(Records drawn from a dataset)
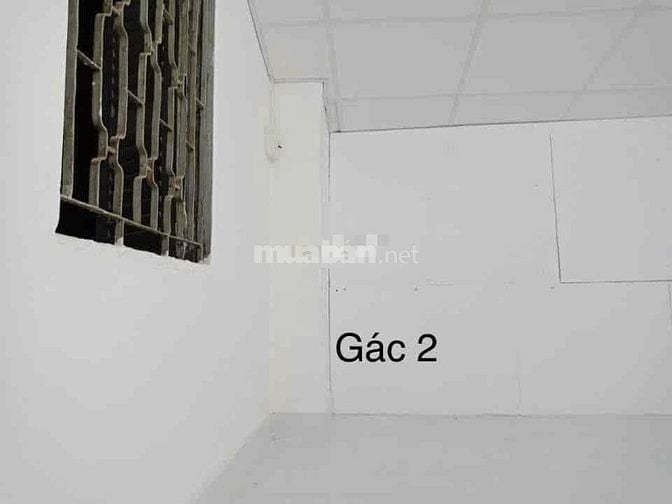 Cho thuê nhà hẻm 4,5m Cao Đạt P.1 Quận 5 giá 11 triệu – 28m2 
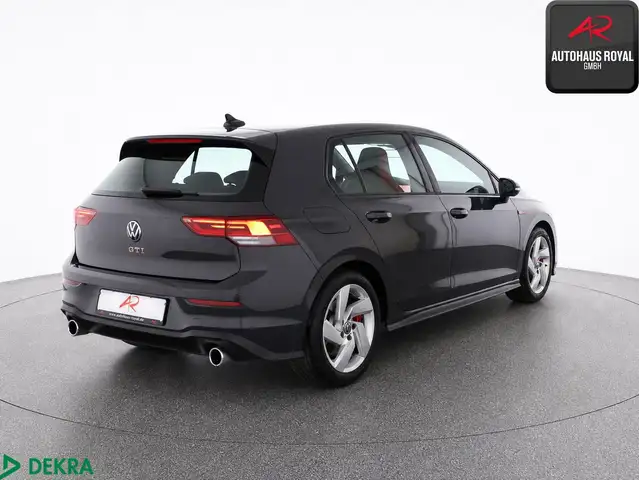 Volkswagen Golf view 5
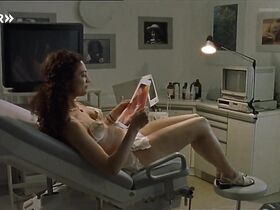 Барбара Вуссов секси – Тайна розового сада (1999)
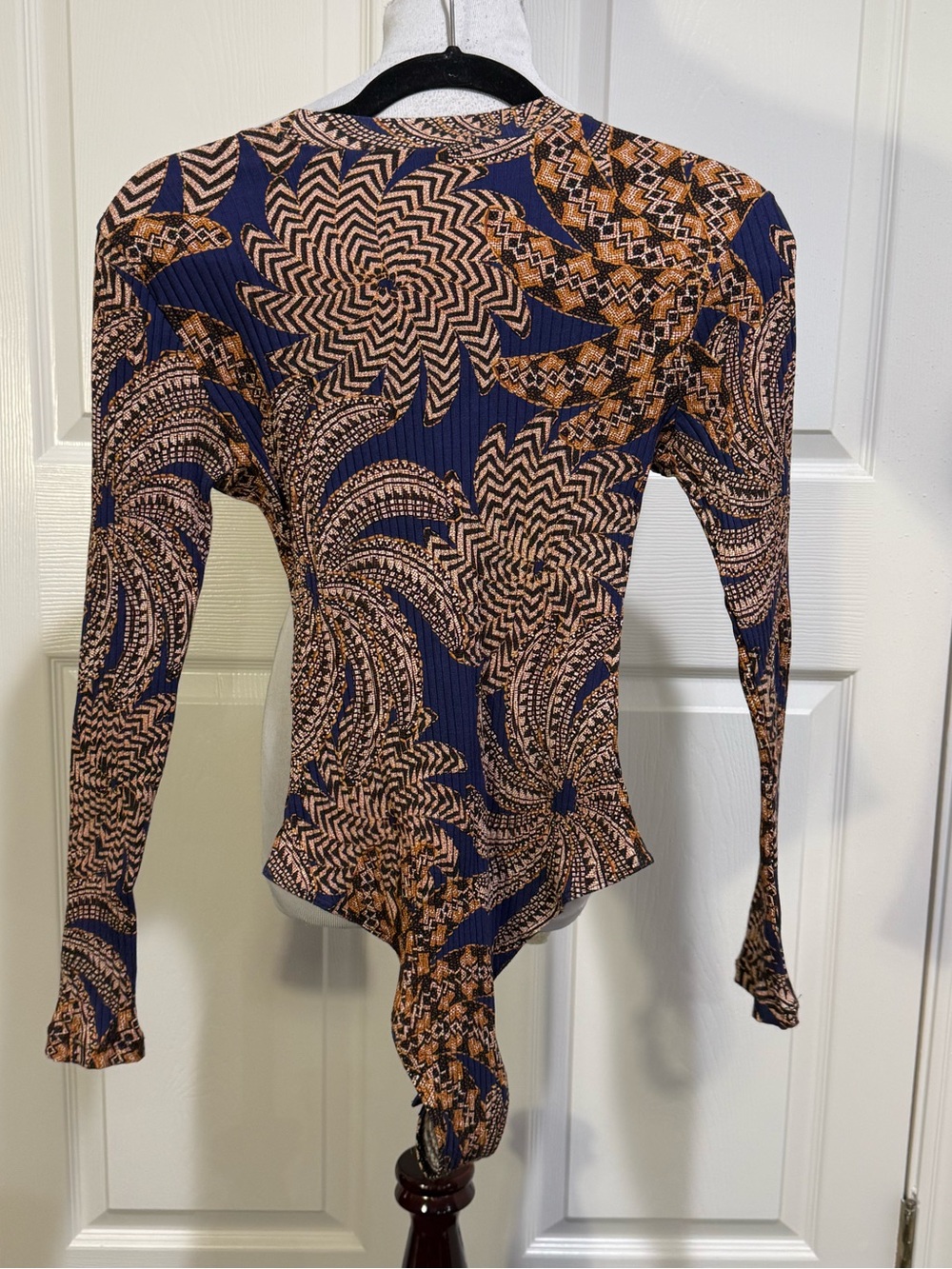 FARM RIO Yawanawa Vanahu Banana Print Mock Neck Stretch Organic Cotton Bodysuit - Picture 6 of 10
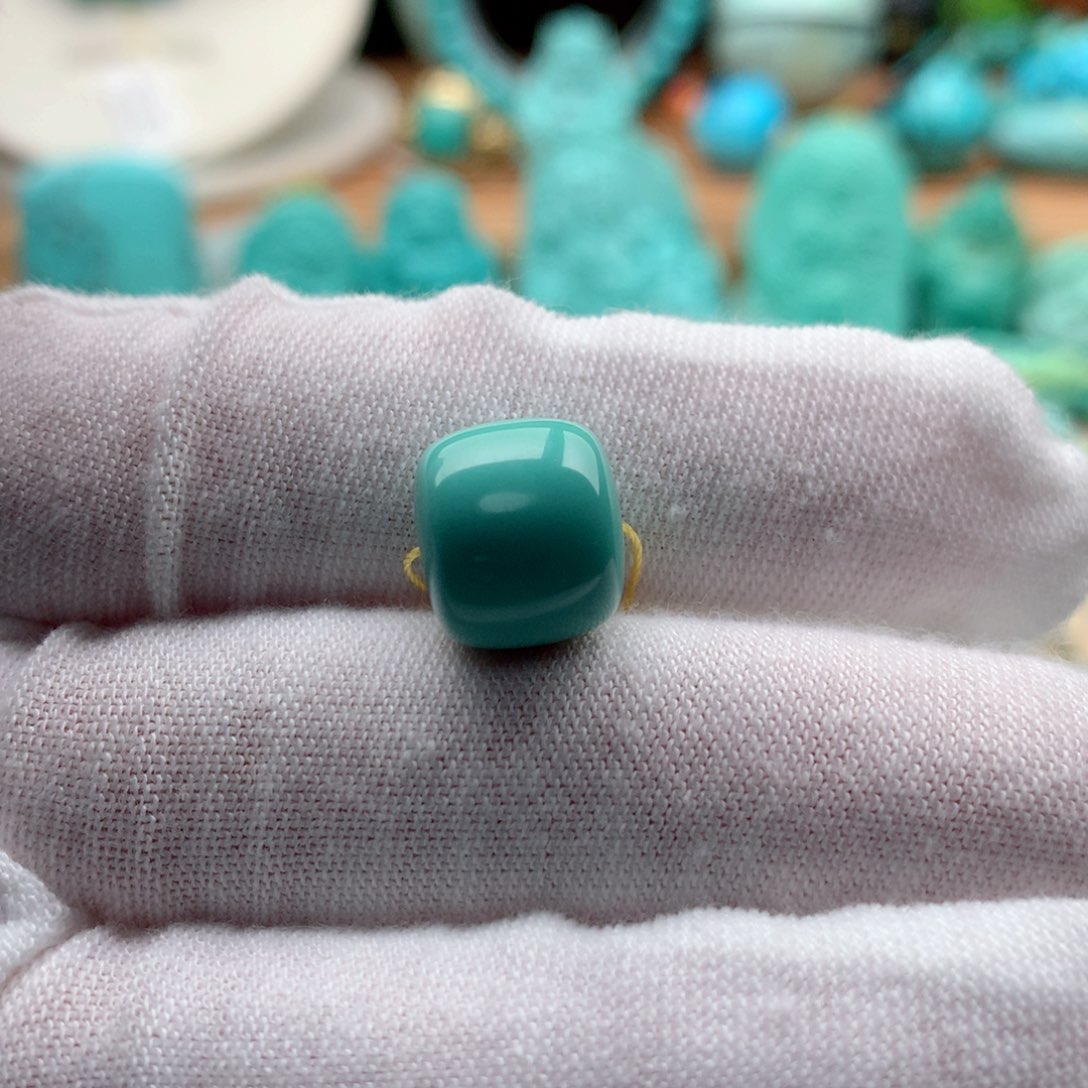 绿松石颈饰未镶嵌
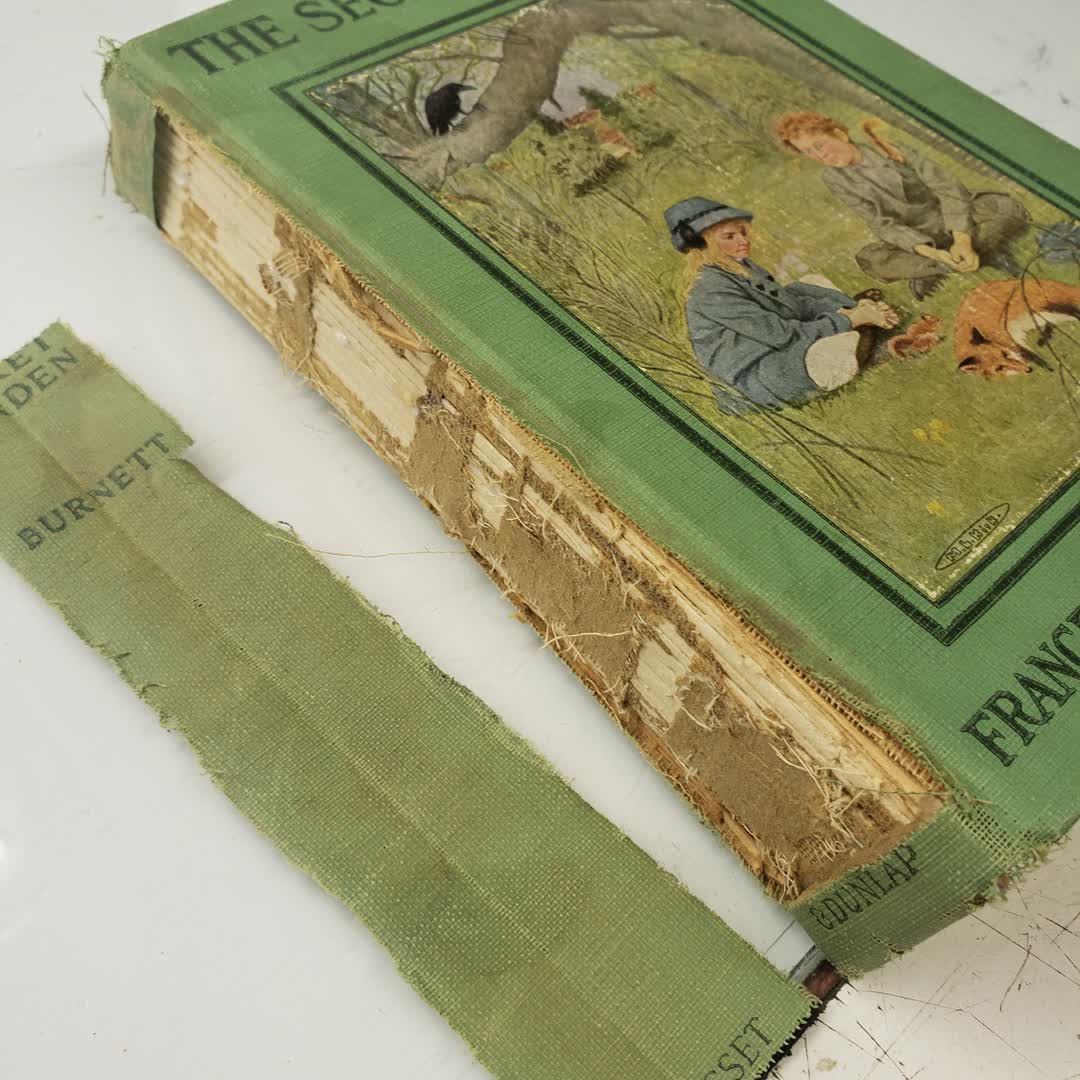 rosbookbinding's tweet image. The spine fell off of this one! But we pieced it back together.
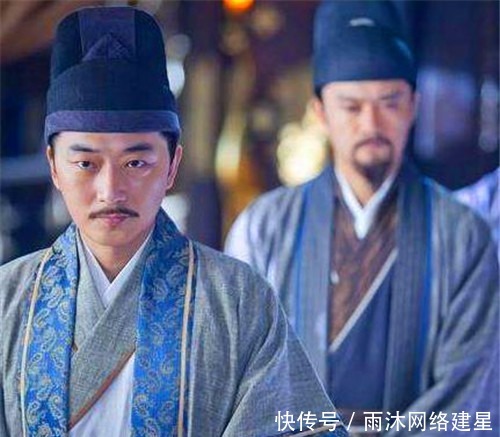 好玩|小孩调皮爬上龙椅,皇帝问:做天子好玩吗?小孩答4字,继承帝位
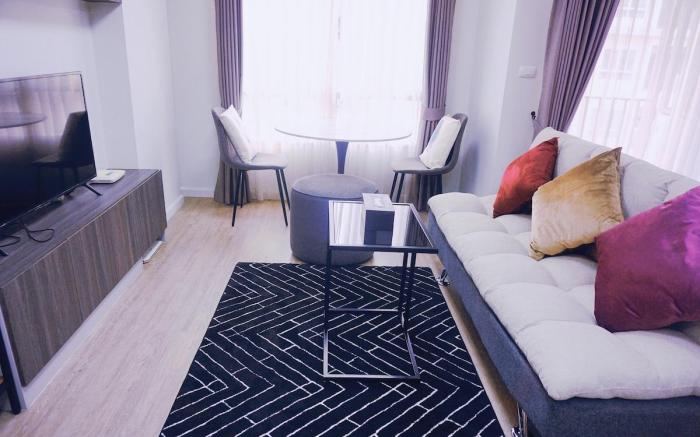 Cozy 1BR Pool Gym Balcony Walk To Central Festival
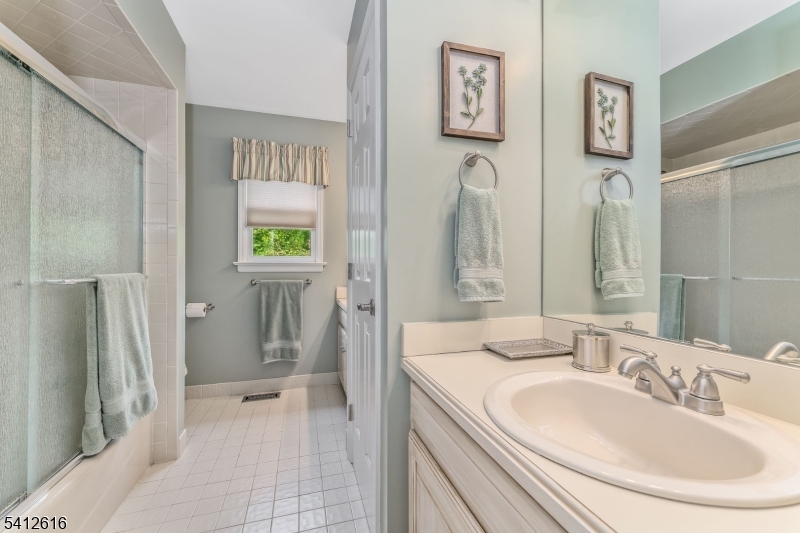 1 Maxwell Court Raritan NJ 08822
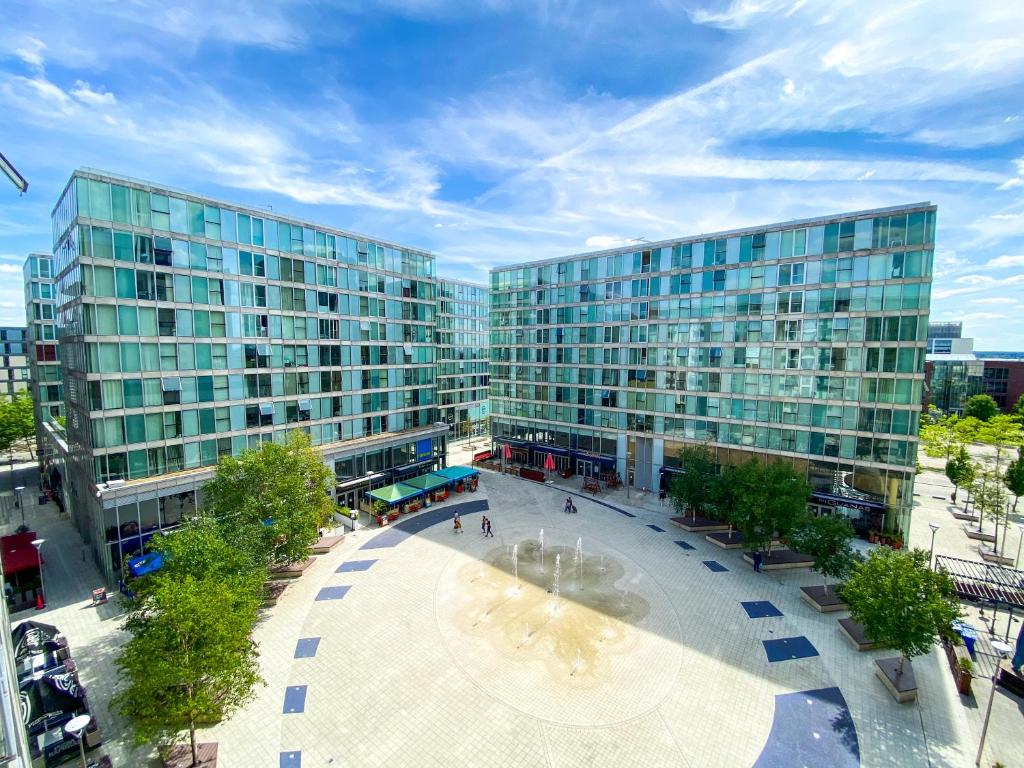 City Centre Apartment - Free Parking, Fast Wifi, Smart TV with Netflix and Xbox by Yoko Property - Appartement D'une Chambre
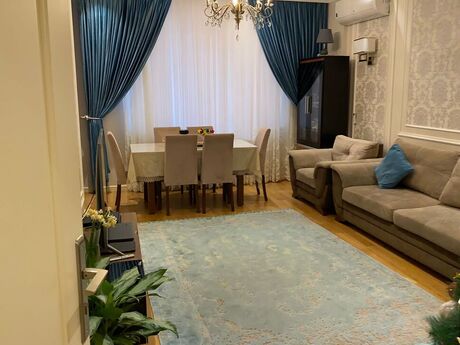 2 otaqlı mənzil, 70 m², Ağ şəhər: 350 000 ₼ 2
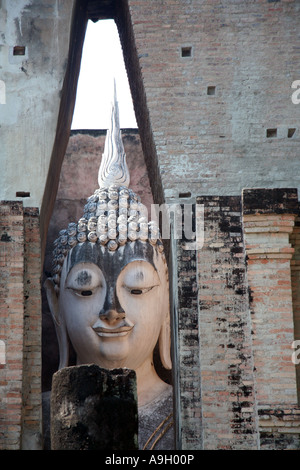Bouddha géant à Sukhothai Phra Achana, Wat Si Chum Banque D'Images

* _Task description_
Output exactly the lines from the line with "好玩|小孩调皮爬上龙椅,皇帝问:做天子好玩吗?小孩答4字,继承帝位" to the last line of the records, including both, and leave every picture out.

* _Exercise response_
 好玩|小孩调皮爬上龙椅,皇帝问:做天子好玩吗?小孩答4字,继承帝位
 Cozy 1BR Pool Gym Balcony Walk To Central Festival
 1 Maxwell Court Raritan NJ 08822
 City Centre Apartment - Free Parking, Fast Wifi, Smart TV with Netflix and Xbox by Yoko Property - Appartement D'une Chambre
 2 otaqlı mənzil, 70 m², Ağ şəhər: 350 000 ₼ 2
Bouddha géant à Sukhothai Phra Achana, Wat Si Chum Banque D'Images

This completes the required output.